Poor network television. What do you do when your writers refuse to write? When your
characters and talk show hosts have nothing deep or clever or witty to say? Apparently there are a few options. All it takes is a little scrounging. For example, you could get some steroid-and-silicone-enhanced she-males named Siren and Titan to lunge at each other with giant padded sticks . . . but wait, hasn’t that been done before? Who cares! The American Gladiators are back and bigger than ever. (Never mind the “steroids” snickers, we are referring to their debut ratings.)
Okay, but what to do for the rest of prime time? they hum and haw around the boardroom. “I know,” says one bright young executive. “What if we were to find a clever, popular show that has already been written?” Whoa. Where to find such a thing? On Showtime, of course. And so it is that they cleaned up the blood and bleeped out the obscenities and proudly announced that whatever was left of Dexter’s dismembered corpse would be premiering on CBS.

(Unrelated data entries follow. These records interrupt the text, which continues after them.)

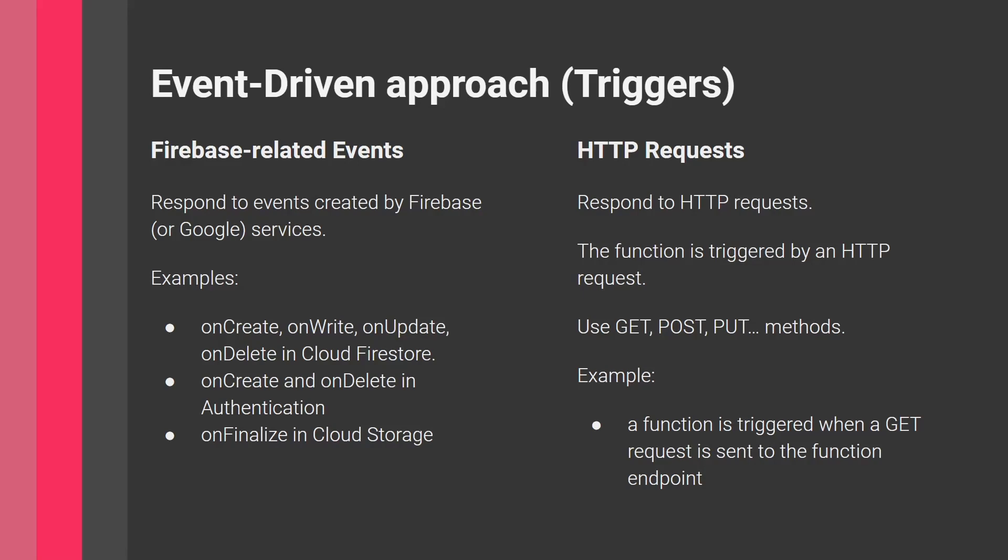An example is sending a welcome or verification email when a new user signs up. This executes when the onCreate event of authentication happens. Examples of these events are onCreate, onWrite, onUpdate, onDelete in the database or Firestore. Whenever something is modified in the database, the function executes. You also have onFinalize in storage.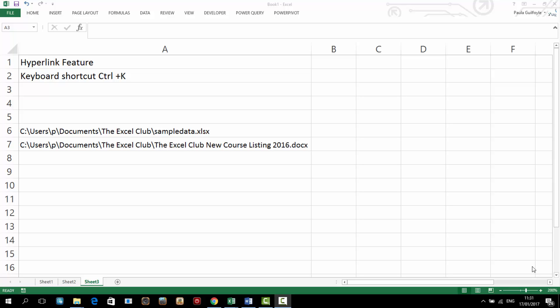Today we are going to look at the hyperlink feature and the hyperlink function in Excel. I'm going to show you around the feature and the function and then we're going to build a quick index sheet using hyperlinks.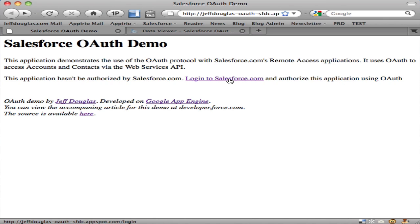When they click the link, in the background App Engine sends a request for a token on the force.com platform. If it responds correctly, it relocates the user to Salesforce to view the remote access application.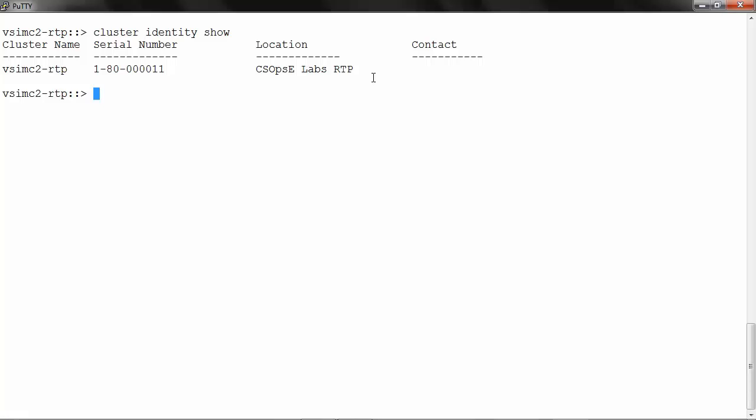To change the name, run cluster identity modify-name and then the new name. I will name it as newvsimc2-rtp.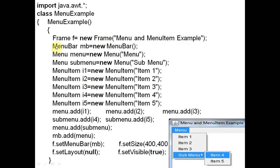Now we write the MenuBar. First we define the MenuBar class: its object is mb = new MenuBar. Then we write Menu, its object is menu = new Menu, and its name is 'menu'. You can see this is the MenuBar — mb is the object of the complete output. 'Menu' will be the title of the first menu in the menu bar.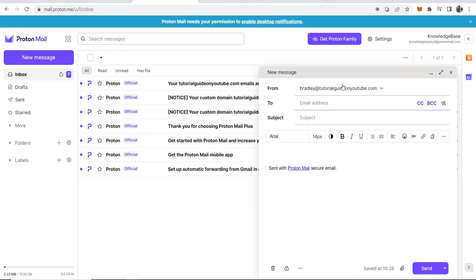That's how you can connect your custom domain name to ProtonMail. It is a bit complicated but if you follow those steps you will get it done easily. Thank you for watching and I'll see you in the next one.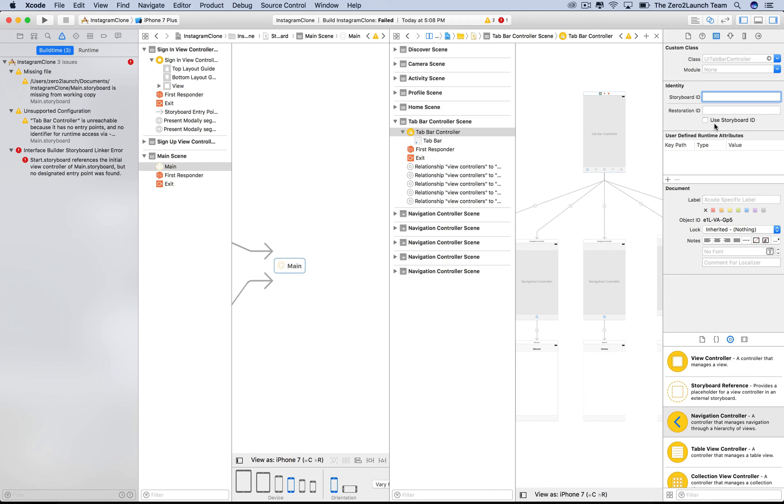So, let's choose something meaningful and unique. Here, we set it to tab bar ID. It's not a great one, but it does this job.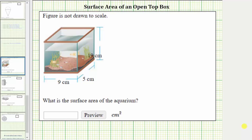We're asked to find the surface area of the aquarium. The first thing to recognize about the aquarium is that there are five faces because the top is open. We have a bottom face, a front and back face, and a right and left face. If each of the faces are glass, the surface area is the number of square centimeters it would take to make the aquarium.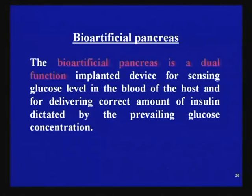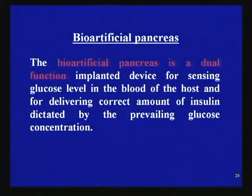This bioartificial pancreas — as I told you in the last session — is a device which can sense insulin or glucose concentration and also release insulin that is encapsulated inside it. The bioartificial pancreas is a dual-function implanted device for sensing the glucose level in the blood of the host and for delivering the correct amount of insulin dictated by the prevailing glucose concentration.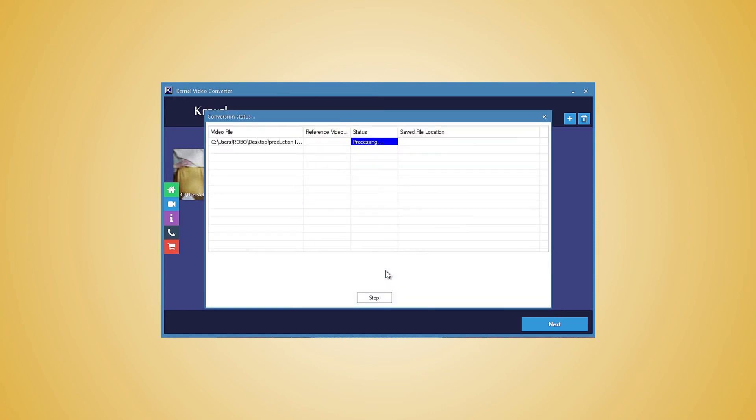The tool will start the conversion and after the conversion of each video file, the status will change to success. It will also show the location of the new video file.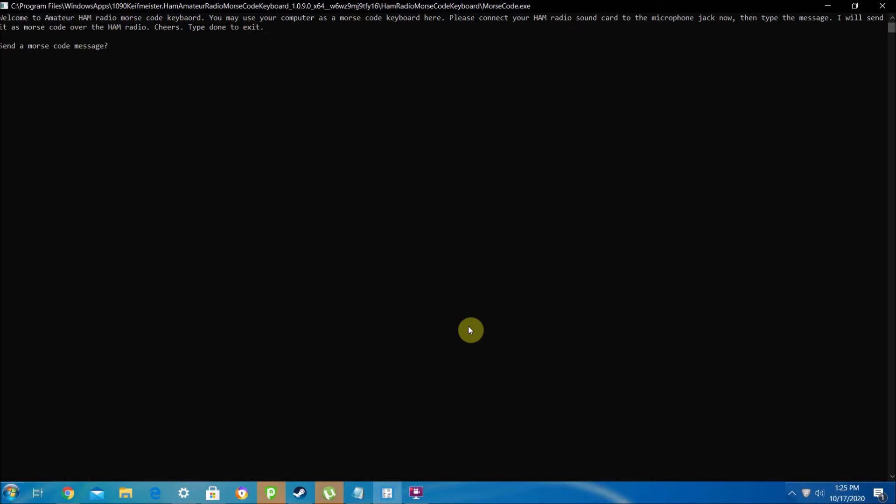Or if you're not, then you don't need to do anything else. When you open the app and it says send a Morse code message, just type a message. I'm just going to type hello world.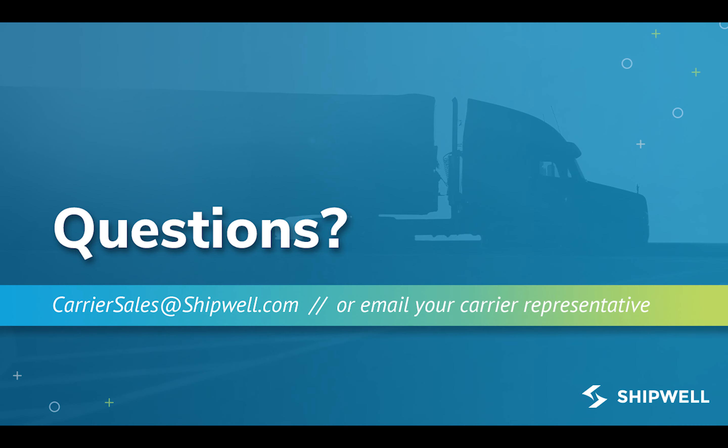If you have any questions about how to book a load on the Shipwell load board, contact carriersales at shipwell.com or email your Shipwell carrier rep directly.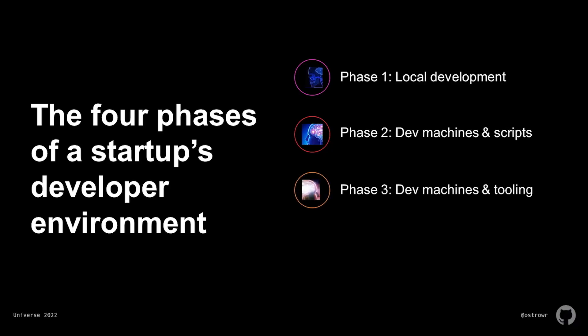Phase three, it's becoming clear that new developers are struggling to uncover all of the tips and tricks that you've gathered over the years despite your best attempts at documentation. It's time to build a bunch of internal tooling to abstract away the complexity of setting up and maintaining a full-fledged development environment.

That just leaves us with the troublesome Friday night. Urkel? ALF? Fresh Prince of Bel-Air? No, we need something new, something fresh, something now, something for the kids … something from MySpace! Does it matter if the show doesn’t even have much of a following, or that it is as boring as hell? No, of course not. Hence, quarterlife: The first show to ever be produced for the Web (where it ought to have stayed) and then edited for network broadcast. The Web broadcasts on MySpace — each and every eight-painful-minute episode — were produced by Ed Zwick and Marshall Herskovitz, the award-winning team behind thirtysomething and My So-Called Life. Is there such a thing as an Emmy recall?
The Webisodes will be edited into six hour-long shows to inaugurate the first season of quarterlife, with a network television debut in time for sweeps. Starting this February 18, instead of thanking God for Friday, we may decide to take a walk. Or play darts. Or sit in the corner of a dark bar and remember when preview week was something we looked forward to. Anticipated even. And then we may order another gin and drink to the writers getting whatever the hell they want and wonder if an ever-dwindling TV viewership will return after being subjected to this pap.
Then we’ll stop for a moment and say, “Hey, what’s this strike all about anyway?” The writers asked for a share of Internet revenue. And where do the networks look for scabs? Why, the Internet, of course. How about some salt in those wounds, writers?